§ Try it
Find the line holding "Dolce & Gabbana" in the entries below. Give it again exactly, along with every line after it up to and including the line holding "Sandsuced Merino Wool".

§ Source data
-- Opening Marker --

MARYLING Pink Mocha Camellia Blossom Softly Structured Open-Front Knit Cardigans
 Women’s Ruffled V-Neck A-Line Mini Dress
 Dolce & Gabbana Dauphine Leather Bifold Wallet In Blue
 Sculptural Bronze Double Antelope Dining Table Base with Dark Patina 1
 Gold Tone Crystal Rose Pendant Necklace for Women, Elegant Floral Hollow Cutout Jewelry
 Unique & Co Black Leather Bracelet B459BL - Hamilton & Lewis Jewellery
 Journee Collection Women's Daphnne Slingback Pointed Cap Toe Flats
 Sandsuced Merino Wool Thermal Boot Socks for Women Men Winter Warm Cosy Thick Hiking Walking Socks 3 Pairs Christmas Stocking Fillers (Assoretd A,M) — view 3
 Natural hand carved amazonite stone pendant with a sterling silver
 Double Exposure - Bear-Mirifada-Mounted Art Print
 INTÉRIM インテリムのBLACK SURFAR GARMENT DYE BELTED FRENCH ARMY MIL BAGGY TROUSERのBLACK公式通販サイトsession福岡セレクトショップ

-- Closing Marker --

§ Written answer
 Dolce & Gabbana Dauphine Leather Bifold Wallet In Blue
 Sculptural Bronze Double Antelope Dining Table Base with Dark Patina 1
 Gold Tone Crystal Rose Pendant Necklace for Women, Elegant Floral Hollow Cutout Jewelry
 Unique & Co Black Leather Bracelet B459BL - Hamilton & Lewis Jewellery
 Journee Collection Women's Daphnne Slingback Pointed Cap Toe Flats
 Sandsuced Merino Wool Thermal Boot Socks for Women Men Winter Warm Cosy Thick Hiking Walking Socks 3 Pairs Christmas Stocking Fillers (Assoretd A,M) — view 3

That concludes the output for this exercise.